Essais de pompe


 

Pourquoi des essais de pompe ?

Quelques questions n'ont pas pu être traitées en soufflerie. Il a été notamment impossible d'effectuer des mesures de pression à l'intérieur des pales en rotation, et d'une manière générale dans toute la partie tournante. De plus les mesures montraient un écart notable entre la dépression "vanne fermée" (éolienne bouchée) théorique, et la dépression vanne fermée mesurée. Cet écart a été imputé aux fuites entrantes, mais il semblait conséquent.

Nous avons donc installé l'éolienne chez Paul-Claude Dufour, dans son atelier de Villate, pour répondre à ces questions : Quel est le profil de pression dans les pales ? Quelle est l'impact de la buse de sortie de pale sur la dépression dans l'éolienne ? Quelle est la dépression maximale (vanne fermée) atteignable sans fuites entrantes ? Quelle était la perte dues aux fuites entrantes en soufflerie ?

 

 

Description des essais

L'éolienne est fixée sur une plaque de bois.
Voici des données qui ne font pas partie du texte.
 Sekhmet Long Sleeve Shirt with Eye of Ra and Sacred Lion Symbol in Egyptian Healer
Un trou dans cette dernière peut permettre à l'air d'entrer, et un bouchon étanche est prévu pour les essais vanne fermée. L'éolienne est entraînée en rotation grâce à une perceuse, par l'intermédiaire d'une courroie (vitesse max 400 rpm). La perceuse contient des crans de vitesse qui assurent la répétabilité des expériences. Des prises de pression sont piqués partout sur l'éolienne, sur les parties fixes mais aussi sur les parties tournantes. Un capteur de pression différentiel permet de comparer une des prises de pression avec la pression atmosphérique. Le tachymètre laser est bien entendu utilisé pour contrôler la vitesse de rotation de l'hélice.
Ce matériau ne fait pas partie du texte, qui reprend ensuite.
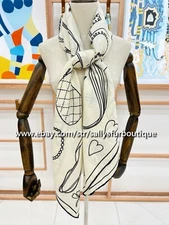 Sallys 70% Cashmere & 30% Silk Stole Jewelry Print Double Face Scarf Shawl 53"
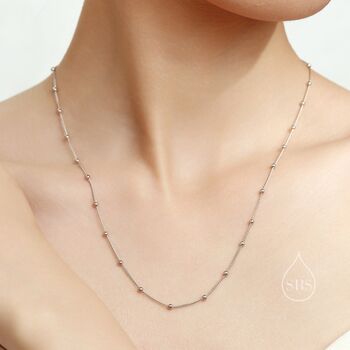 Sterling Silver Minimalist Bead Motif Necklace Various Lengths, 8 of 12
Essais vanne fermée (Août 2010)

  1. Une première phase a consisté à retrouver la dépression vanne fermée mesurée en soufflerie.
  2. Une seconde phase a consisté à bien faire l'étanchéité à l'air de l'éolienne, en bouchant les fuites constatées, de manière à ce que la seule fuite possible vienne du joint labyrinthe. Une légère amélioration a été constatée par rapport à la mesure précédente.
  3. Une troisième phase a consisté à faire des mesures de pression statiques et totales sur les parties tournantes : au centre de la buse de sortie des pales, mais aussi à l'intérieur au niveau des emplantures de pale.
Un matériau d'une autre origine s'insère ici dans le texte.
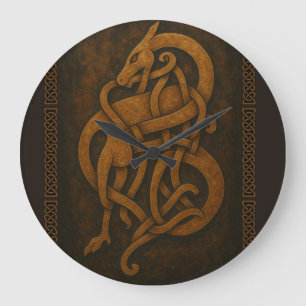 Grande Horloge Ronde Nœud de serpent en vieux norrois avec bordure celt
Ces essais vanne fermé ont permis de mesurer l'impact des fuites entrantes dans le système, et surtout d'affiner la théorie. Cette dernière est maintenant maîtrisée, en adéquation totale avec les essais, et a fait l'objet d'un rapport détaillé. Elle laisse entrevoir une optimisation possible de la sortie d'air en bout de pale, qui sera étudiée prochainement à Supaero.

 

Essais vanne ouverte (décembre 2010)

Une fois maîtrisées les questions de fuite et de dépression vanne fermée, il a été décidé de retracer une caractéristique dépression/débit complète, grâce à une ouverture d'air plus ou moins grande sur l'éolienne. Cette expérience a été réalisée avec l'aide d'Olivier Andreau dans le cadre de son TIPE de classe préparatoire. La grosse difficulté a été de mesurer le débit d'air par comparaison statique/totale au centre de la section de passage. La caractéristique débit/dépression a finalement pu être tracée grâce à un recalage soufflerie, et les résultats sont pleinement satisfaisants.

 

 

 

 

 

 

 

Une permière phase a consisté à bien faire l'étanchéité à l'air de l'éolienne, en bouchant les fuites constatées, de manière à ce que la seule fuite possible vienne du joint labyrinthe.